Physical Activity May Protect Against Childhood Depression
Moderate to vigorous physical activity lowers the risk of childhood depression.
Posted January 31, 2017
A first of its kind study has identified that 6 to 10-year-old children can reap significant mental health benefits via regular moderate to vigorous physical activity (MVPA). The new study, “Physical Activity, Sedentary Behavior, and Symptoms of Major Depression in Middle Childhood,” was published today in the February 2017 issue of Pediatrics.
Previous studies on adults and adolescents have correlated regular MVPA with a lower risk of developing depression. However, the new study from the Norwegian University of Science and Technology (NTNU) Institute of Psychology is the first to identify the effect of higher moderate to vigorous physical activity levels on lowering symptoms of major depression in children between the age of 6 and 10.
The goal of the study was to determine whether there are reciprocal relationships between moderate to vigorous physical activity and sedentary behavior regarding major depressive disorders in middle childhood. When describing the parameters of MVPA, the researchers said, “We're talking about moderate to vigorous physical activity that leaves kids sweaty or out of breath.”
Breaking a Sweat May Help Combat Depression Beginning in Middle Childhood
At the beginning of this study, the researchers recruited a community sample of 795 children living in Trondheim, Norway when they were 6-years-old. Two years later, they followed up with the children when the kids were 8-years-old. Another two years later, the researchers surveyed the group (which had dwindled to about 700 participants) when the children were 10-years-old.
At various points throughout this four year study, physical activity levels were recorded using accelerometry. Symptoms of major depression were measured through clinical interviews with both parents and children.
The researchers conclude that higher levels of moderate to vigorous physical activity predicted fewer symptoms of major depression throughout middle childhood. Additionally, they believe that increasing MVPA may serve as a complementary method to prevent and treat childhood depression.
Although previous studies have identified a link between depressive disorders and sedentary lifestyles in adolescents and adults; excessive sedentary behavior was not directly correlated with depression in children between the ages of 6 and 10, according to this study.

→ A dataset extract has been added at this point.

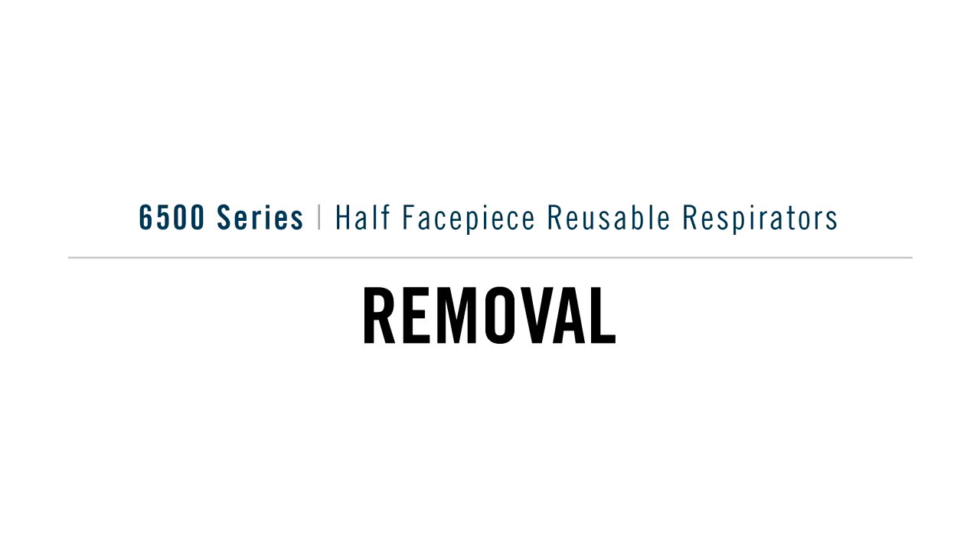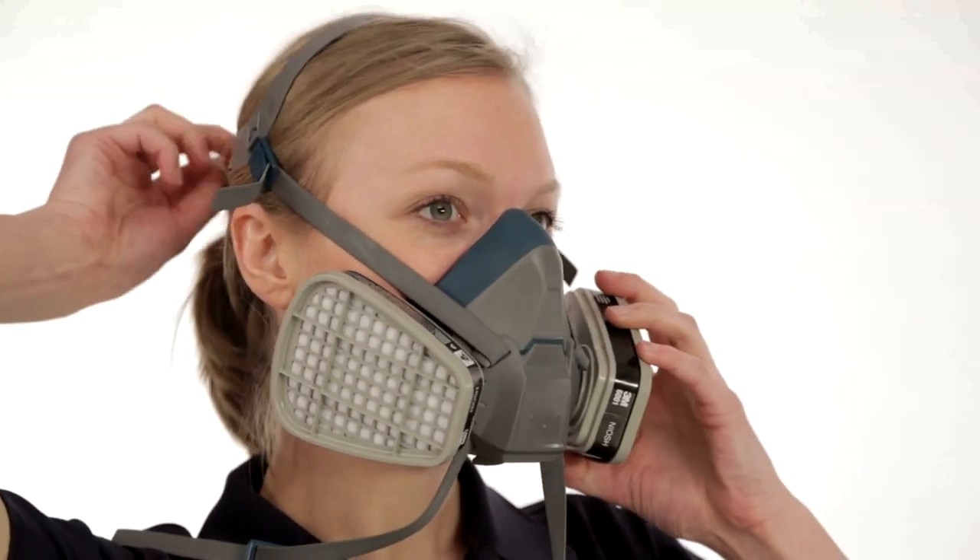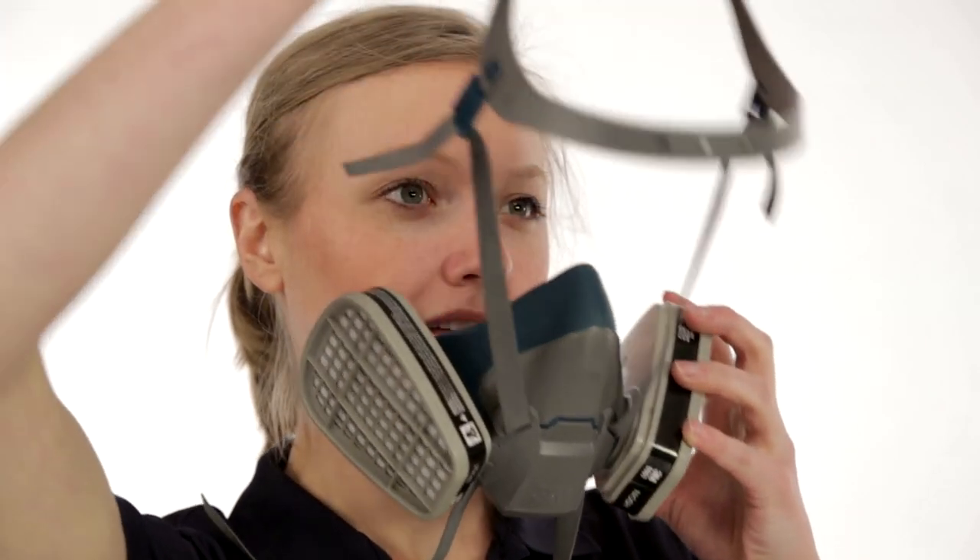To remove the respirator, unhook the lower straps using both hands and pull the head harness over your head.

That being said, across the board, 6 to 10-year-old children who were more physically active displayed fewer symptoms of depression throughout the four year study. The researchers hypothesize that physical activity may serve as a type of prophylaxis that reduces the risk of someone developing a major depressive disorder, beginning as early as middle childhood.
In a statement to NTNU's Department of Psychology, the researchers sum up their findings:
"Being active, getting sweaty, and roughhousing offer more than just physical health benefits for young children. Physical activity also protects against depression.
So the message to parents and health professionals is: Facilitate physical activity, which means that children get a little sweaty and breathless. Try a bike ride or outdoor play. Limiting children's TV or iPad screen time is not enough. Children need actual increased physical activity."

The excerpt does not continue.